First, a caveat to what I’m about to discuss. I have grown very weary of negative generalizations about “what’s wrong with this generation” or “why this is the worst generation EVER.” I’m a part of Generation X and I heard all of this same negativity about my generation in the late 90’s. It irritated me when it was done to me, and it irritates me when it’s done to Millennials.
I am not doing that here, and if you are a “Millennial Hater”, please exit stage left. That kind of talk only makes you irrelevant, and it invalidates any gospel representation you desire to make.
That being said, each generation has it’s own peculiarities. Gen X (me) had serious identity problems. We didn’t know who we wanted to be, and really we still don’t. Millennials have their issues as well. I believe it is one of the jobs of the Church to see the unique needs of its day and bring the gospel to bear on those needs as the true and better solution to all that is broken in humanity.
Wasn’t that good? Whether you are of the millennial generation or not, the insight into how our culture is operating is quite helpful.
Sinek says that Millennials are accused of being entitled and that they want to “make an impact” or “have a purpose”. Despite what they want, they are unhappy.
He lists 4 reasons: 1) parenting, 2) technology, 3) impatience, 4) environment.
Parents told them that they could be anything they want just because they want it. They got rewards for just showing up, not for winning. Then in the real world they discover they aren’t special and coming in last doesn’t get you promoted in your career. Technology has given them a way to temporarily fill the void this creates, but it doesn’t satisfy a human being’s need for real connection to other human beings.
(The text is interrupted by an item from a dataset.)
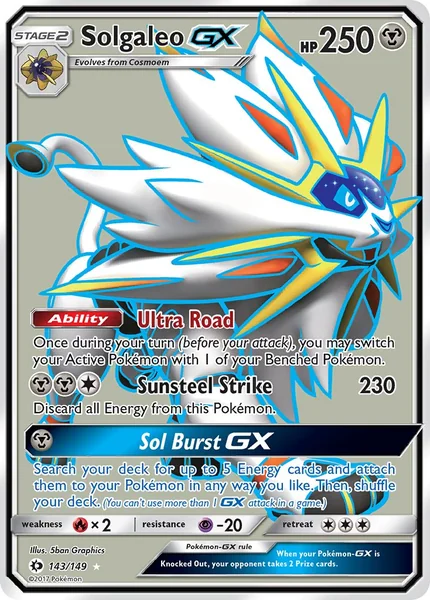 Solgaleo GX card image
Tech is addictive, but it isn’t rewarding in any kind of deeper level. Technology has also taught them that you can have what you want NOW and not LATER. Everything is instant gratification. Instant “friends”, instant purchases, instant fame, instant everything. These millennials are being thrown into work environments that only want to use them for profit, but is not willing or able to help them find life fulfillment. These corporations aren’t able to teach them what their parents should have.
Sinek says “It’s the company’s responsibility” to teach them. I disagree. In fact, I’m horrified at the idea of a corporation taking on the responsibility of teaching a person how to make friends, have patience, and find real joy in life. Certainly the Church is better equipped to do this job!
Certainly the gospel stands above corporate America in it’s ability to answer these deeper questions. The Church is built on deep, meaningful, face-to-face relationships. Without these relationships, there is no Church. If we manage to make disciples in the same way that Jesus did, all of these problems get addressed.
The catch is that we have to be willing to put down our cellphones (even leave them in the car…), leave our house, and put ourselves in a situation where we are face-to-face with another person. We have to be willing to have expectations of each other in regards to patience, faithfulness, and perseverance. This deep desire for impact, purpose, and joy is a wide open door to the Church and the gospel. But the Church must be willing to be counter-cultural in it’s radical dedication to Christian community, Biblical faithfulness, and authenticity of faith. Can anyone be called to having a greater impact than becoming a beloved citizen of the Kingdom of God and then commissioned to call others to the same? Can anyone live a life of purpose greater than being called a child of God? Is there any greater joy than being a worshiper of the Creator among the family of Believers?